Matter of:  Fattani Offset Printers

File:  B-415308

Date:  November 20, 2017

Ahmed Razzak, for the protester.
John B. Alumbaugh, Esq., United States Agency for International Development, for the agency.
Todd C. Culliton, Esq., and Tania Calhoun, Esq., Office of the General Counsel, GAO, participated in the preparation of the decision.

DIGEST

Protest challenging agency’s technical and past performance evaluations is denied where the record shows the evaluations were reasonable and consistent with the terms of the solicitation.

DECISION

Fattani Offset Printers, of Blantyre, Malawi, protests the award of a contract to Kris Offset & Screen Printers, Ltd., also of Blantyre, Malawi, under request for proposals (RFP) No. SOL‑612‑17‑000009, issued by the United States Agency for International Development (USAID) for printing services.  Fattani alleges that the agency unreasonably evaluated its proposal.

We deny the protest.

BACKGROUND

On June 23, 2017, the agency issued the RFP for printing, binding, and distribution services to be performed pursuant to a fixed-price contract over a two-year period.  RFP at 1, 5, 17.  The RFP specified that “[t]he purpose of this contract is printing, binding, and distribution of 773,025 English Standard Four Learners’ Books (LBs) and 6,000 Stock Management Cards.”  Performance Work Statement (PWS) at § C.2.  The RFP also provided the agency with two options for additional quantities and items.  Id.

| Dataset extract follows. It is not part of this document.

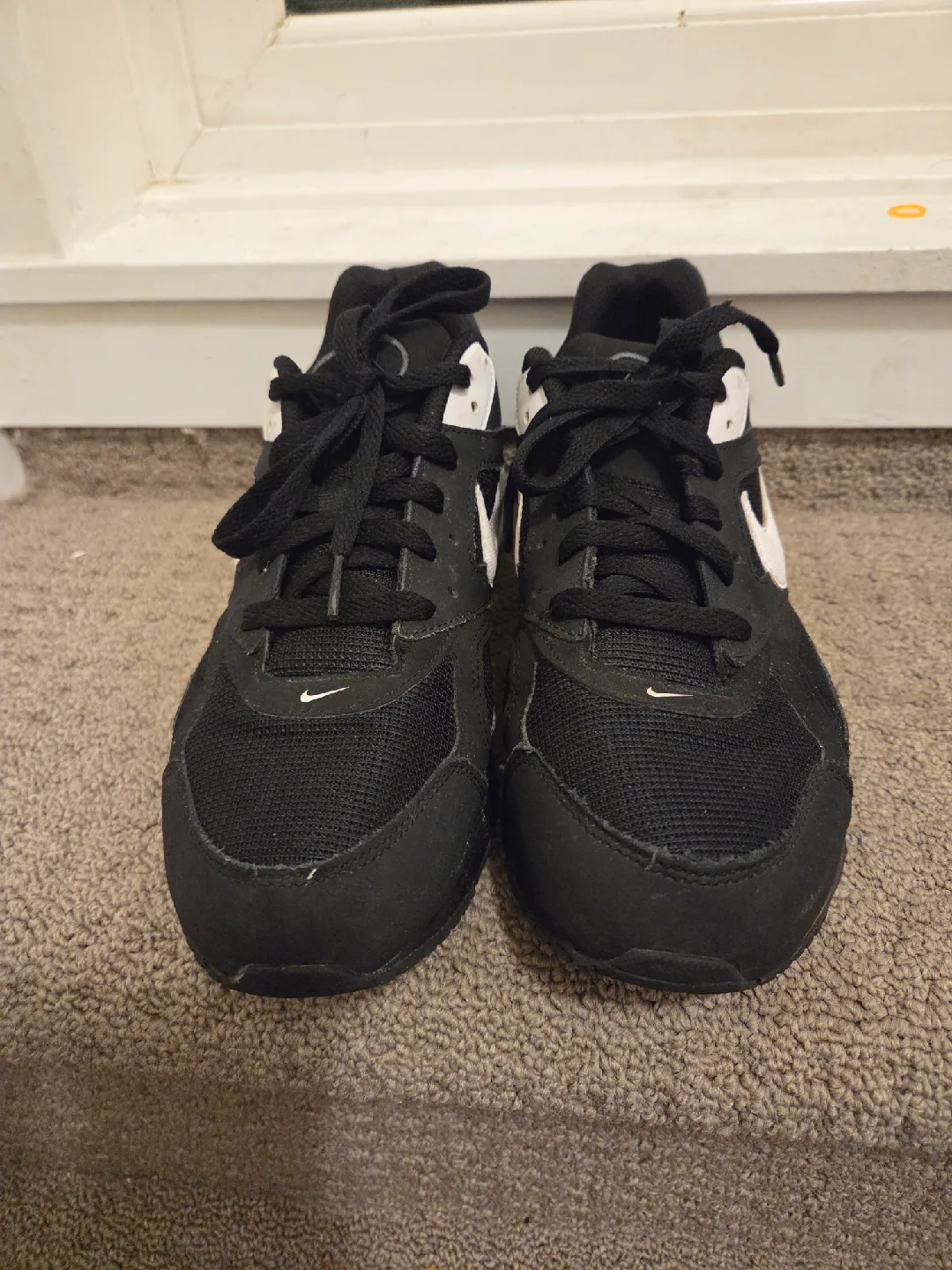 Nike Air Black and White Sneakers image indicator(3)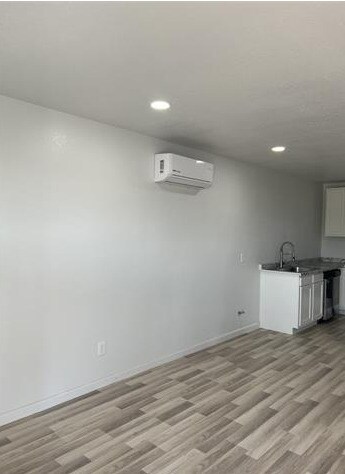Alvord Hills Apartments photo 4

The PWS stated that all books must be printed according to distinct specifications.  PWS at § C.3.  As relevant here, the RFP provided that the body text must be printed using the A5 size format, and that each textbook cover must be printed with a one‑side, UV coated gloss finish.  Id.  As for the binding specifications, the textbooks must have perfect binding, and the supplementary readers must have saddle stitching.  Id. at § C.3.4.  In addition, the PWS stated that the English Standard Four Learners’ Books would require printing of 154,605,000 pages and 773,025 covers.  PWS at § C.4.1.  Shipment of the textbooks and other items must be completed within 3-6 months depending on the actual time proposed by the successful offeror.  RFP at 17.  Textbooks and other items would be distributed to 5,549 primary schools throughout Malawi.  Id.

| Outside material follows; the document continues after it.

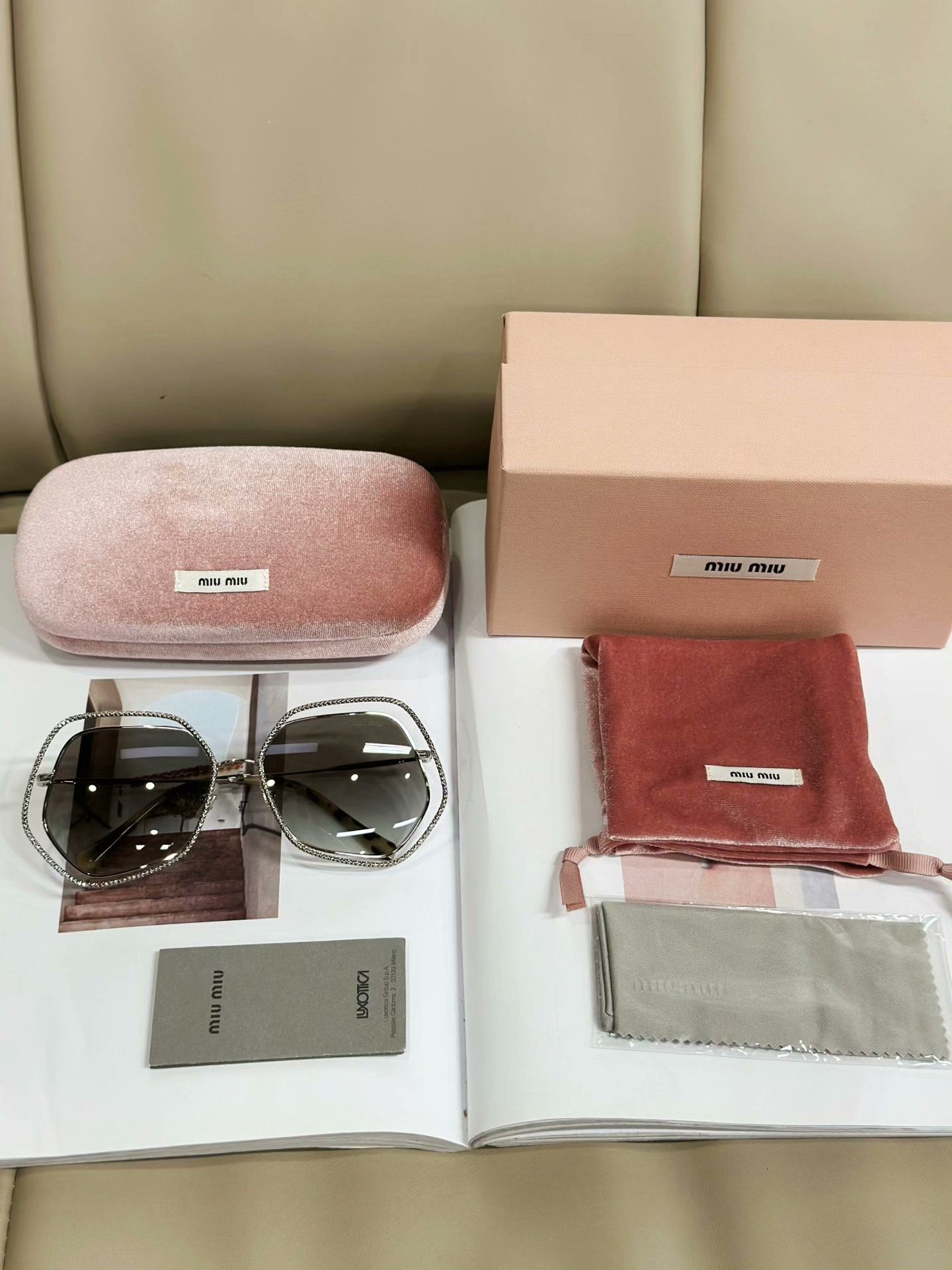 Miu Miu MIUMIU Silver Irregular Casual Sunglasses Size ONE SIZE - 8 Thumbnail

The RFP instructed offerors to address eligibility[1], price, and technical capability.  In regard to technical capability, offerors were to address five categories:  qualifications, printing sample, performance plans, past performance and reference reviews, and business registration.  RFP at 45-46.

Award would be made on a best-value tradeoff basis considering two evaluation factors, technical and price.  RFP at 50.  For the technical factor, the RFP divided a total of 100 points between technical understanding and past performance, with 85 points allocated to technical understanding and 15 points to past performance.  Technical understanding was further subdivided into three subfactors with respective point allocations, including qualifications of the organization (30 points), printing sample quality (25 points), and performance plans (15 points).

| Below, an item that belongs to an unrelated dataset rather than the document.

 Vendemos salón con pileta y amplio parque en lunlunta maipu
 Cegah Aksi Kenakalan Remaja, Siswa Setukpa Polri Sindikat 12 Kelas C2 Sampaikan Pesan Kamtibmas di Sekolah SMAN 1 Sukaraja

The agency received four offers by the close of the solicitation period.  The final evaluation produced the following results:

Offeror Name

Total Points Awarded

Total Price Proposed

Fattani Offset Printers

35

$4,000,001.22

Kris Offset Printers

92

$4,594,504.19


Agency Report (AR) Tab 24, Letter from USAID to Fattani Offset Printers, Sept. 12, 2017, at 2.  The agency identified Kris Offset Printers as the firm offering the best value to the agency because it offered superior technical capability and a price that, while higher than Fattani’s price, was below the cost estimate.  Further, the agency reasoned that any additional cost would be worth the much higher technical expertise.  After Fattani received its debriefing, it filed the instant protest with our Office.

DISCUSSION

Fattani raises various challenges to the agency’s evaluation of its proposal.  We have considered all of the firm’s allegations and find no basis to sustain the protest.  We discuss the protester’s principal contentions below.  We note at the outset that, in reviewing protests challenging an agency’s evaluation of proposals, our Office does not reevaluate proposals or substitute our judgment for that of the agency; rather, we review the record to determine whether the agency’s evaluation was reasonable and consistent with the solicitation’s evaluation criteria, as well as applicable statutes and regulations.  ManTech Advanced Sys. Int’l, Inc., B‑413717, Dec. 16, 2016, 2016 CPD ¶ 370 at 3.

Technical Capability

As noted above, the agency evaluated technical proposals based on three subfactors:  printing sample quality, qualifications of the organization, and performance plans.  Fattani’s technical proposal received numerous deficiencies and/or weaknesses under each subfactor.  Fattani asserts that these deficiencies and weaknesses were unreasonably assigned and that it should have received higher evaluation scores.   Based on the record, we have no basis to question the evaluation results.

Printing Sample Quality

For this subfactor, offerors were to provide five different textbook printing samples, and would be evaluated based on whether the samples “[d]emonstrated capacity of printing and binding similar printed work.”  RFP at 45, 51.  Fattani submitted four textbooks and one catalog as samples.  The agency evaluated Fattani’s printing samples as containing three deficiencies.  The agency concluded that three of the textbooks were of poor quality because the body text size fluctuated and was noticeably smaller in certain areas, the body text ran into the spine of the book, and staples could be felt through the “perfect binding.”  AR Tab 22, Technical Evaluation Committee (TEC) Memorandum at 12. The agency also noted that some of the textbooks had text that ran to the edge of the page and glue along the hinges that prevents the textbooks from lying flat.  Finally, the agency assigned a deficiency because Fattani submitted a catalog, rather than a book, as its fifth sample.  The agency assigned Fattani’s proposal 12 out of a maximum of 25 points for this subfactor. 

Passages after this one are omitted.